● **DATASET EXCERPTS**:
======

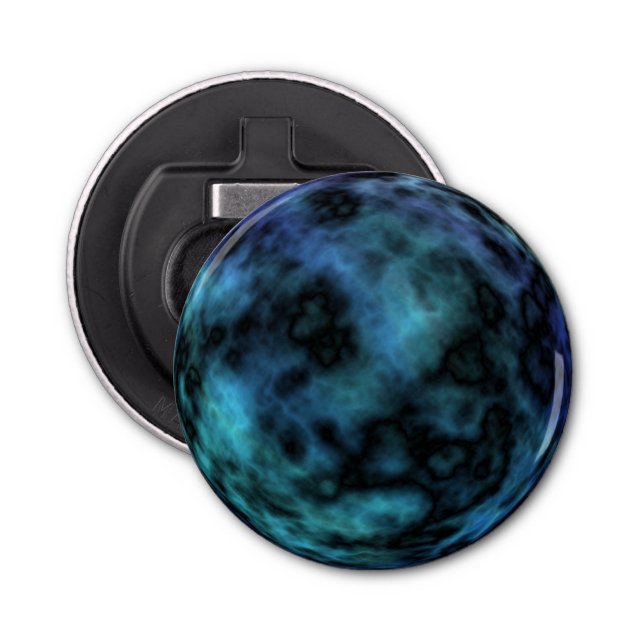 Cosmic Faux Blue Marble Bottle Opener (Front)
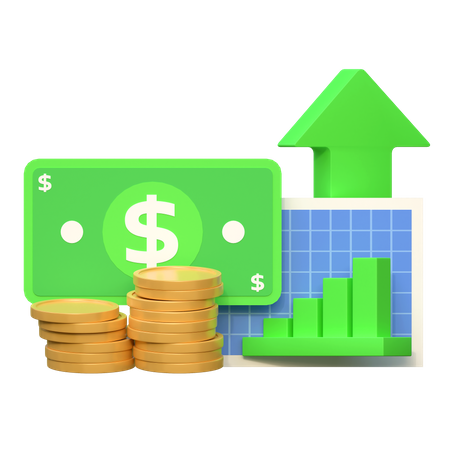 Dollar Investment Price Up  3D Icon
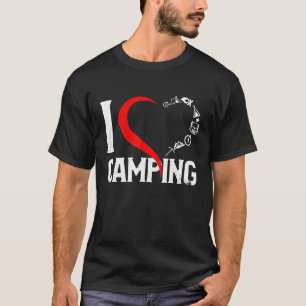 Ik ben dol op Camping Heart with Mountains Campfir T-shirt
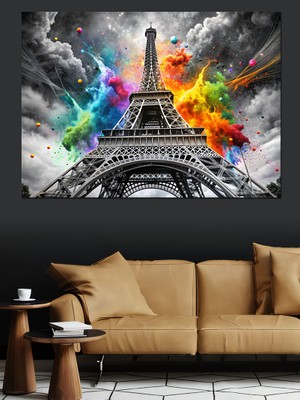 Eyfel Kulesi ve Renkler Dekoratif Kanvas - Mdf Ahşap Tablo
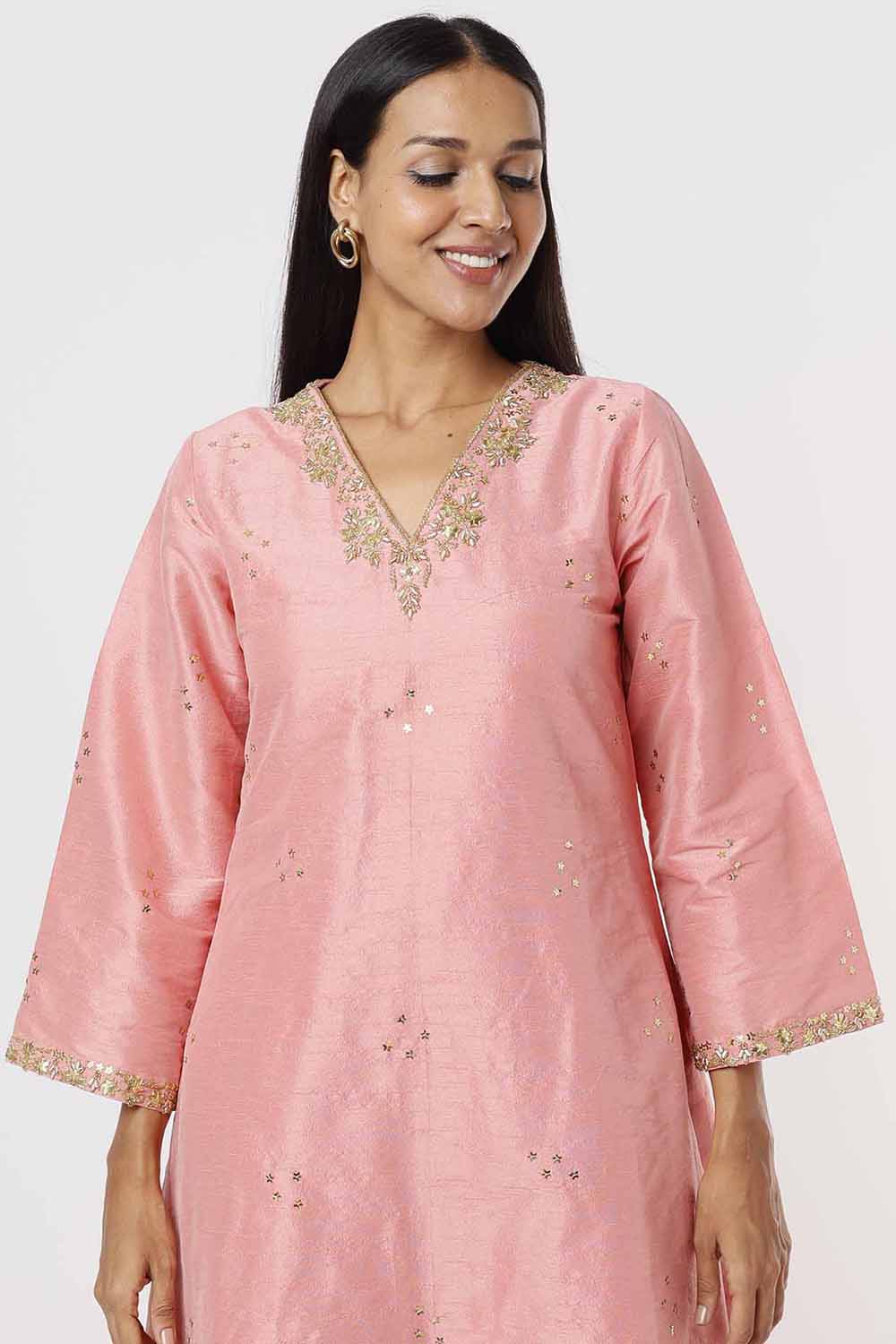 Rose Pink Kurta And Pants Set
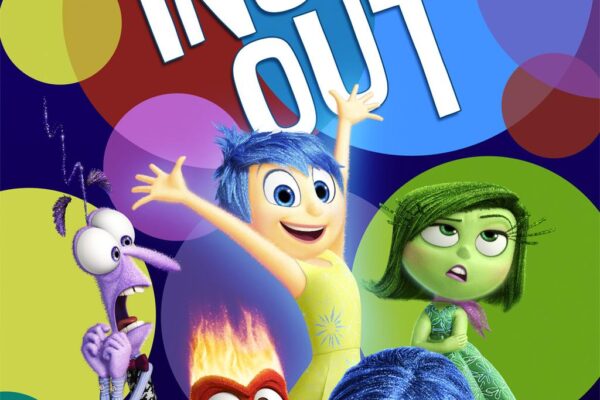 A colorful scene from Inside Out 2 featuring Riley's emotions, Joy, Sadness, Anger, Fear, and Disgust, in the control room of her mind, showcasing the vibrant and imaginative world of Pixar's animated film.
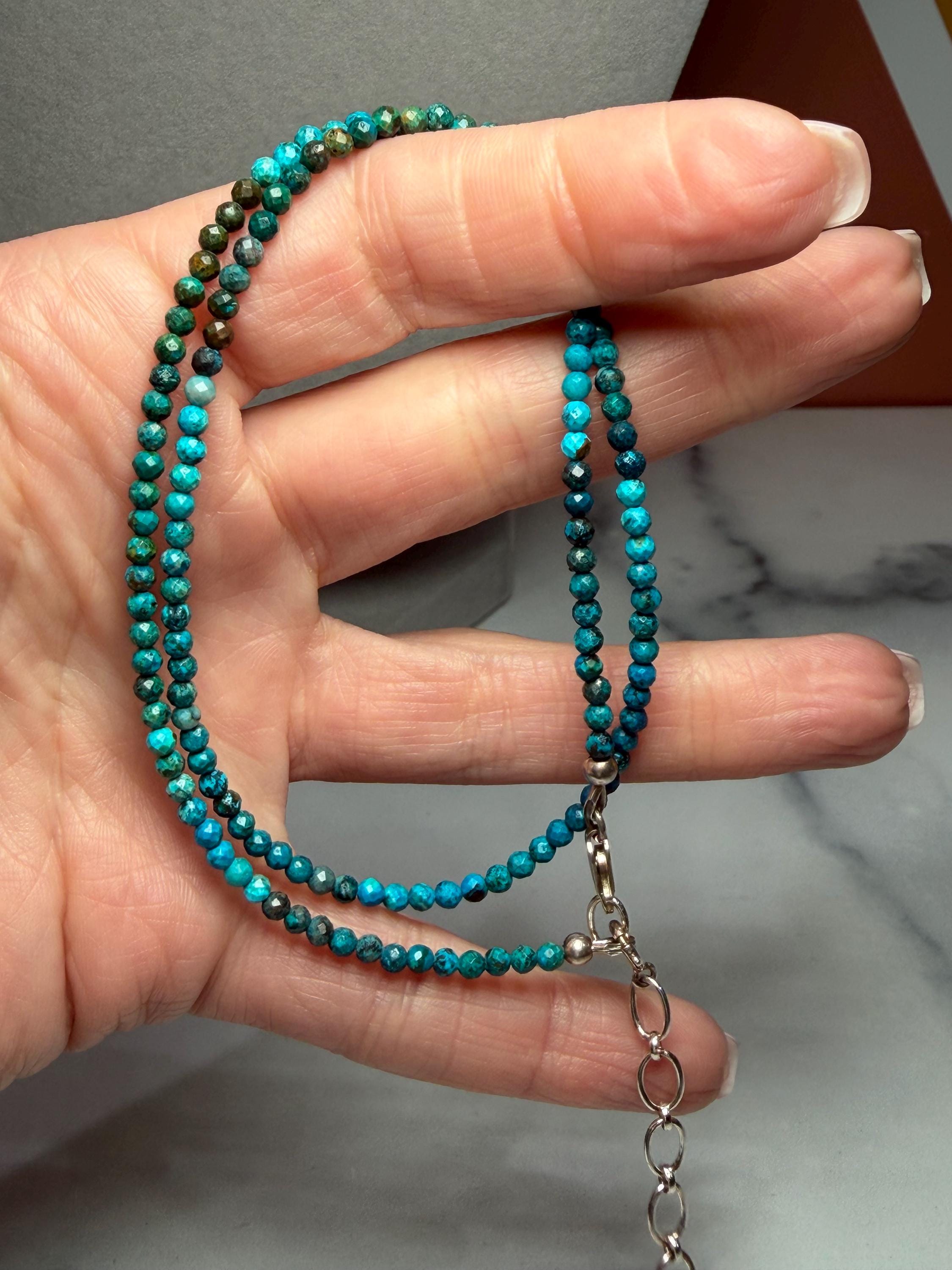 Faceted Chrysocolla Beaded Necklace, Sterling Silver Chain, Blue Green, 17 Inch (2 Inch Extender) 5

======

● **PROBLEM TO SOLVE**: All that is needed is the data above, repeated exactly, without the pictures.

● **RESPONSE TO THIS TASK**:
 Cosmic Faux Blue Marble Bottle Opener (Front)
 Dollar Investment Price Up  3D Icon
 Ik ben dol op Camping Heart with Mountains Campfir T-shirt
 Eyfel Kulesi ve Renkler Dekoratif Kanvas - Mdf Ahşap Tablo
 Rose Pink Kurta And Pants Set
 A colorful scene from Inside Out 2 featuring Riley's emotions, Joy, Sadness, Anger, Fear, and Disgust, in the control room of her mind, showcasing the vibrant and imaginative world of Pixar's animated film.
 Faceted Chrysocolla Beaded Necklace, Sterling Silver Chain, Blue Green, 17 Inch (2 Inch Extender) 5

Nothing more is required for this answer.